**DIRECTIONS**
Before anything else, drop the pictures; then return exactly the lines from the top of the listing through the line with "Navy latin dance".

**DATA BELOW**
—————
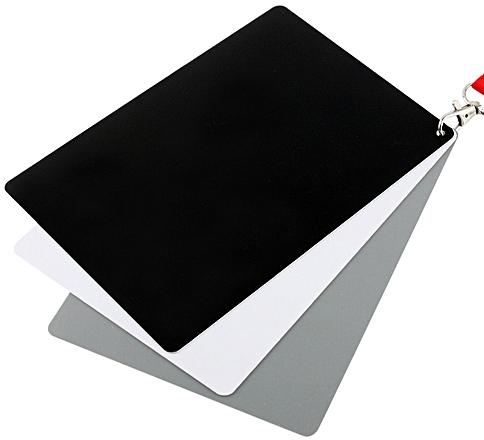 Generic 3 In 1 Black White Gray Balance Card / Digital Gray Card With Strap, Works With Any Digital Camera, File Form: RAW And JPEG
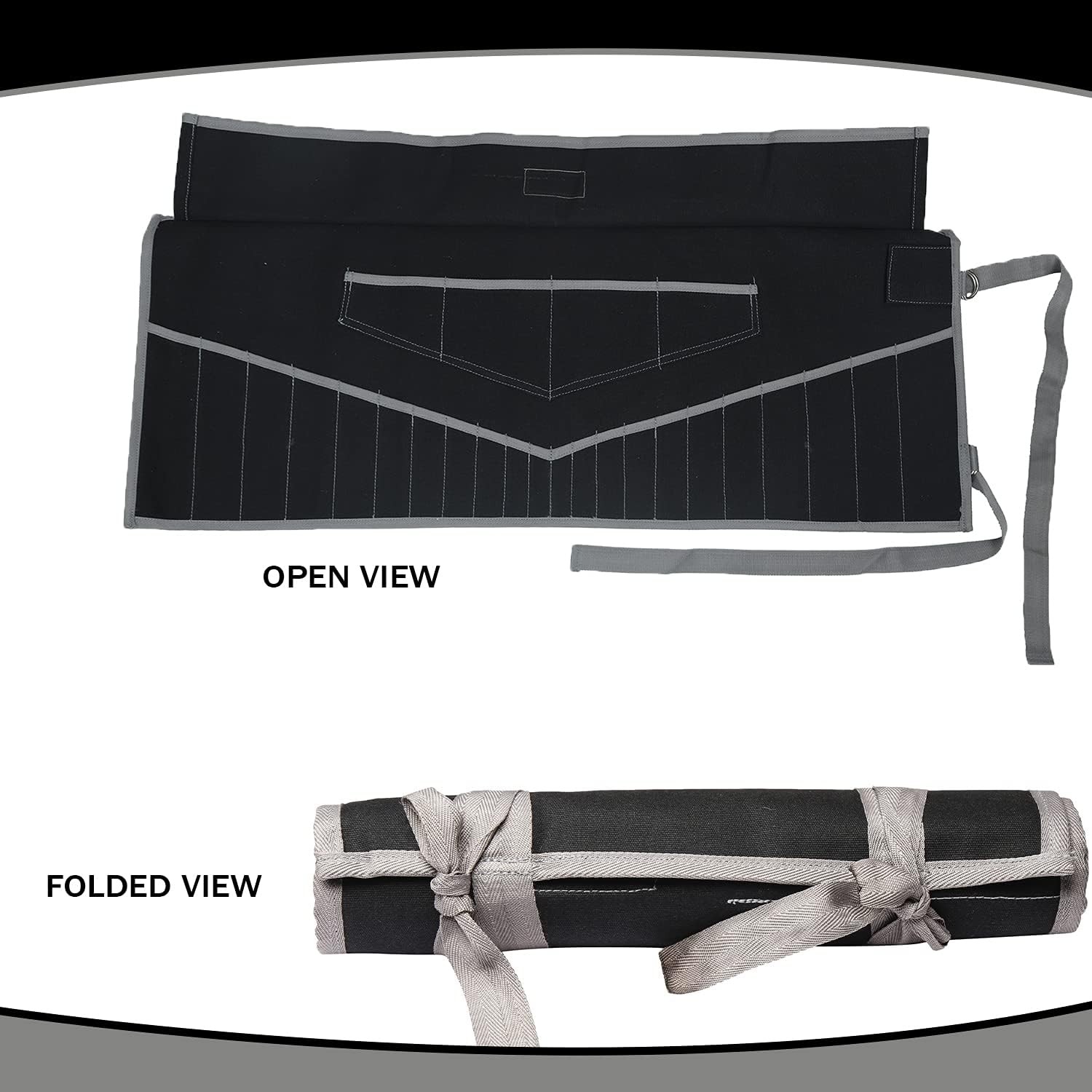 26 Pocket Wrench Roll-Up Pouch Organizer SAE & Metric Tool Bag Waterproof Canvas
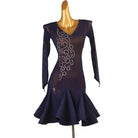 Navy latin dance dress with stone scroll motif on a sheer mesh body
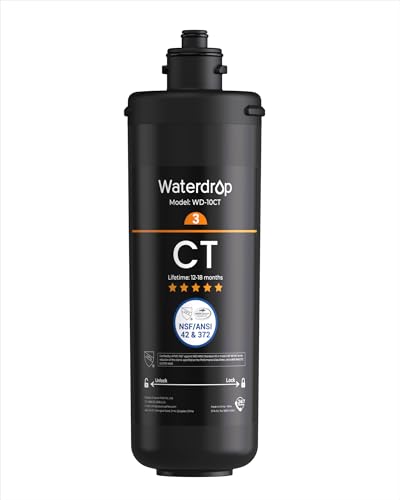 Image of Waterdrop WD-10CT Water Filter Replacement for Waterdrop TSA & TSB 3-stage Under Sink Water Filter System, 12-18 months Under Sink Water Filtration System, 1 Pack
—————
**TASK ANSWER**
 Generic 3 In 1 Black White Gray Balance Card / Digital Gray Card With Strap, Works With Any Digital Camera, File Form: RAW And JPEG
 26 Pocket Wrench Roll-Up Pouch Organizer SAE & Metric Tool Bag Waterproof Canvas
 Navy latin dance dress with stone scroll motif on a sheer mesh body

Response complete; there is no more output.